» WHAT YOU SHOULD DO:
Go to the line with "ComfortXL - Banc" in the records below, then output it and each following line exactly, up to and including the line with "Puerta corredera doble". Skip pictures and add nothing.

» RECORDS FOR THE TASK:

● ● ● ● ● ● ●

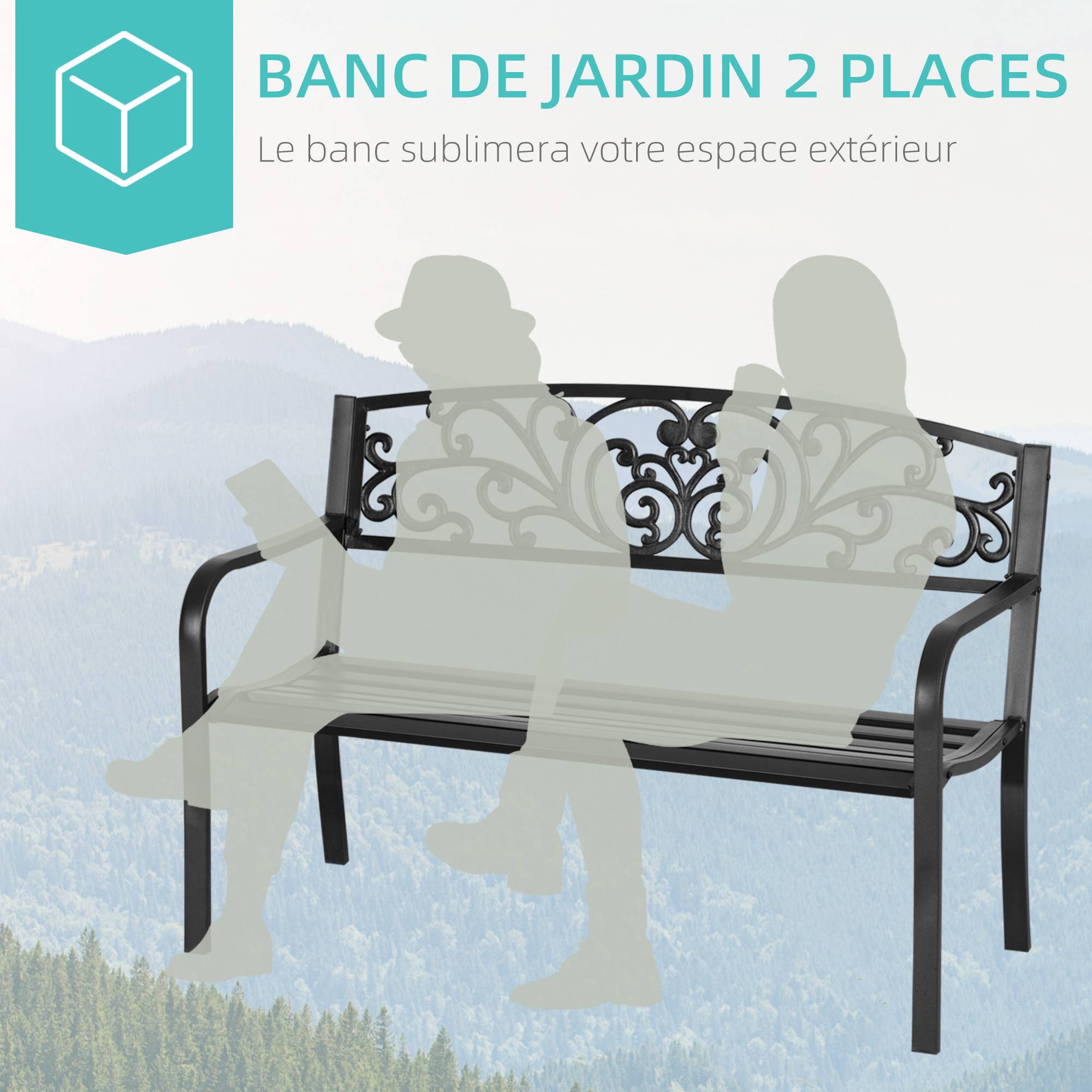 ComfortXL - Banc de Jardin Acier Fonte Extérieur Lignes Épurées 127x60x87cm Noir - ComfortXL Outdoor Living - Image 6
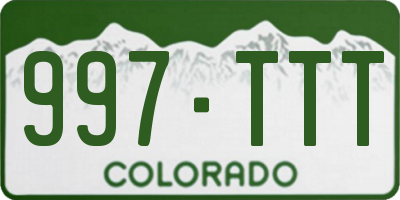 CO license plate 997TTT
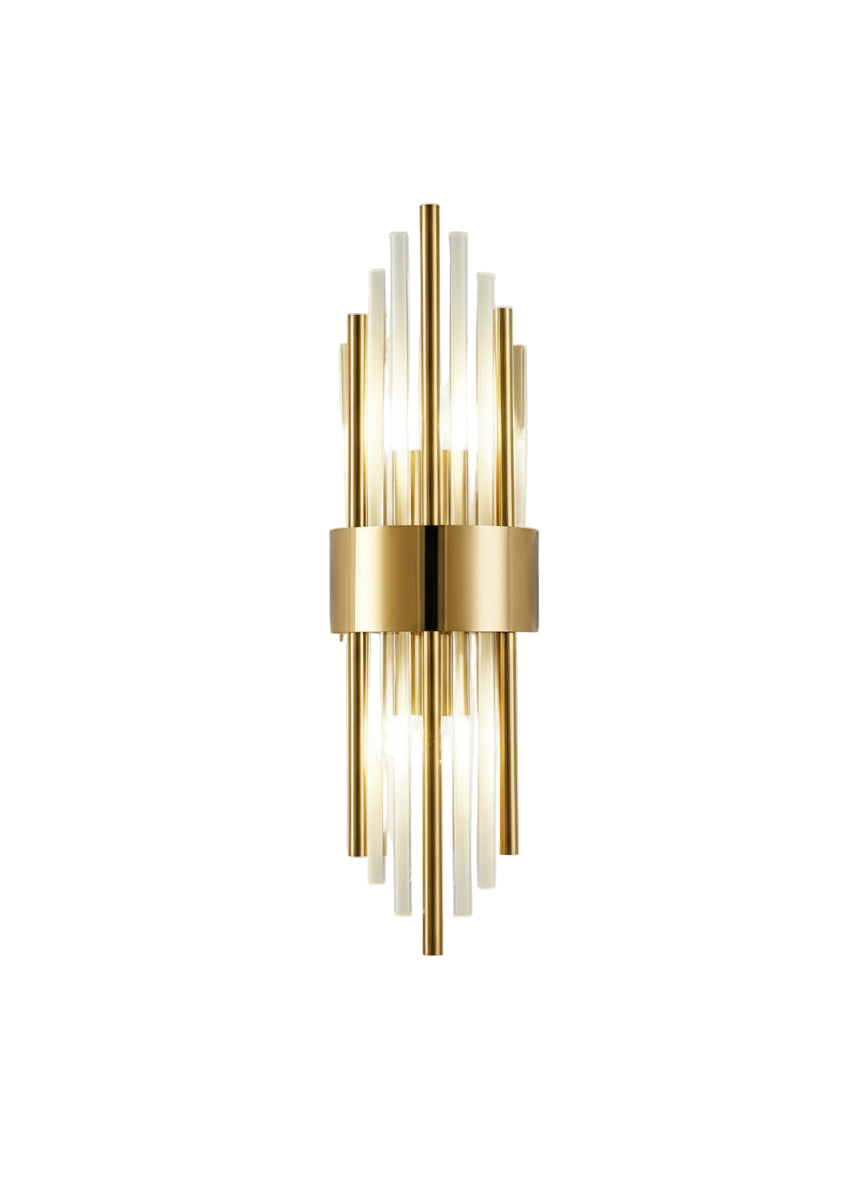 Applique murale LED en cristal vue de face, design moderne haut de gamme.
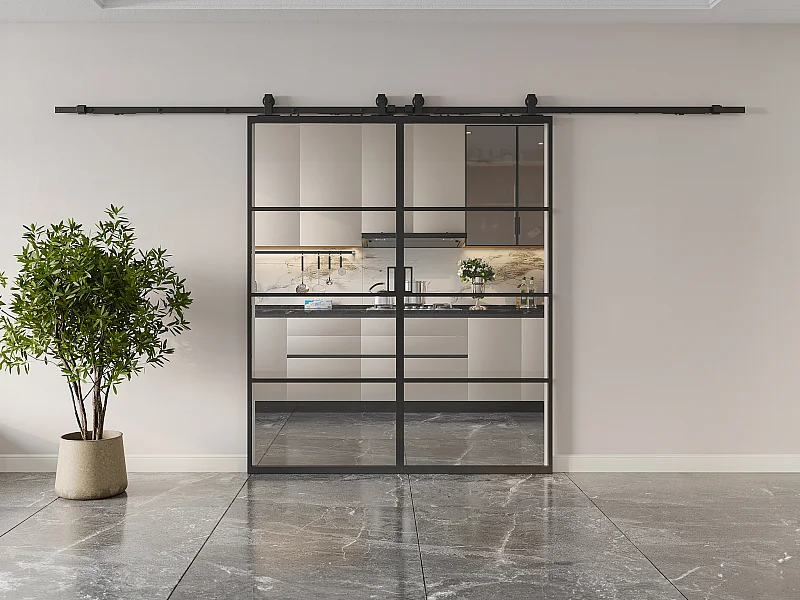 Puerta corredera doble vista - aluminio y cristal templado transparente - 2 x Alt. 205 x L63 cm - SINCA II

● ● ● ● ● ● ●

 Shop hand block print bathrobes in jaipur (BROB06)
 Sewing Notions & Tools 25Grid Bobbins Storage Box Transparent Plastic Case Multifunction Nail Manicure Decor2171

● ● ● ● ● ● ●

» SOLVED PROBLEM:
 ComfortXL - Banc de Jardin Acier Fonte Extérieur Lignes Épurées 127x60x87cm Noir - ComfortXL Outdoor Living - Image 6
 CO license plate 997TTT
 Applique murale LED en cristal vue de face, design moderne haut de gamme.
 Puerta corredera doble vista - aluminio y cristal templado transparente - 2 x Alt. 205 x L63 cm - SINCA II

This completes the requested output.